Let's sayIDrawShape is an interface with the drawShape method.  DrawShape implements the IDrawShape interface. We create an IContourbridge interface with the drawContour method. The contour class implements the IContour interface. The ellipse class will have a, b , r properties and drawShape (an instance of DrawShape). The ellipse class implements the contour bridge interface to implement the drawContour method. The  drawContour method calls the drawShape method on the drawShape instance.

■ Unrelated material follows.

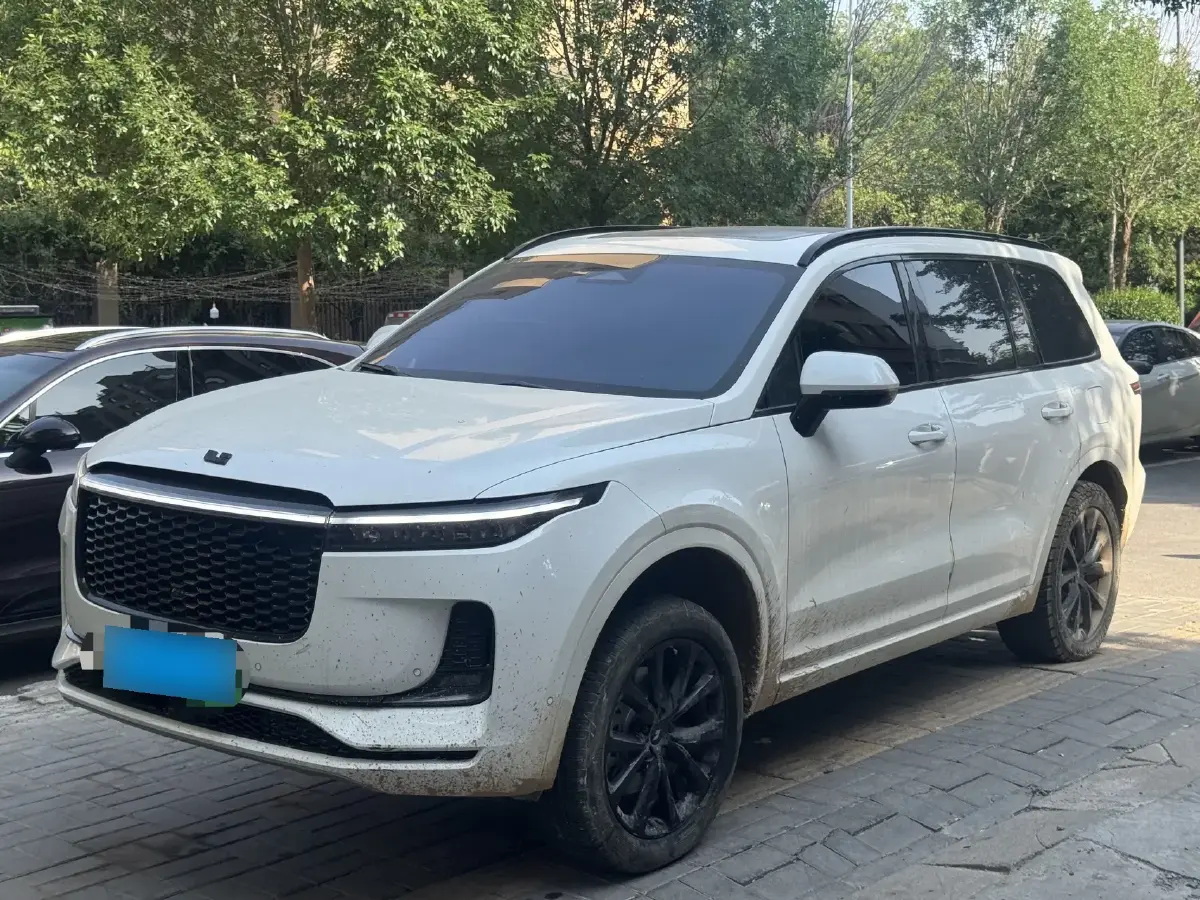 2021 Li ONE Range Extended 131HP REEV 40.5KWH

The following code demonstrates the bridge implementation: 

//main package has examples shown
// in Hands-On Data Structures and algorithms with Go book
package main
// importing fmt package
import (
 "fmt"
)
//IDrawShape interface
type IDrawShape interface {
 drawShape(x[5] float32,y[5] float32)
}
//DrawShape struct
type DrawShape struct{}
drawShape method

The drawShape method draws the shape given the coordinates, as shown in the following code:

// DrawShape struct has method draw Shape with float x and y coordinates
func (drawShape DrawShape) drawShape(x[5] float32, y[5] float32) {
 fmt.Println("Drawing Shape")
}
//IContour interace
type IContour interface {
 drawContour(x[5] float32 ,y[5] float32)
 resizeByFactor(factor int)
}
//DrawContour struct
type DrawContour struct {
 x[5] float32
 y[5] float32
 shape DrawShape
 factor int
}
drawContour method

The drawContour method of the DrawContour classcalls the drawShape method on the shape instance, this is shown in the following code:

//DrawContour method drawContour given the coordinates
func (contour DrawContour) drawContour(x[5] float32,y[5] float32) {
 fmt.Println("Drawing Contour")
 contour.shape.drawShape(contour.x,contour.y)
}
//DrawContour method resizeByFactor given factor
func (contour DrawContour) resizeByFactor(factor int) {
 contour.factor = factor
}
// main method
func main() {
var x = [5]float32{1,2,3,4,5}
var y = [5]float32{1,2,3,4,5}
var contour IContour = DrawContour{x,y,DrawShape{},2}
contour.drawContour(x,y)
 contour.resizeByFactor(2)
}

Run the following commands:

go run bridge.go

 

The following screenshot displays the output:

We will take a look at Composite, Decorator, Facade and Flyweight design patterns in the next sections.

Composite

A composite is a group of similar objects in a single object. Objects are stored in a tree form to persist the whole hierarchy. The composite pattern is used to change a hierarchical collection of objects. The composite pattern is modeled on a heterogeneous collection. New types of objects can be added without changing the interface and the client code. You can use the composite pattern, for example, for UI layouts on the web, for directory trees, and for managing employees across departments. The pattern provides a mechanism to access the individual objects and groups in a similar manner.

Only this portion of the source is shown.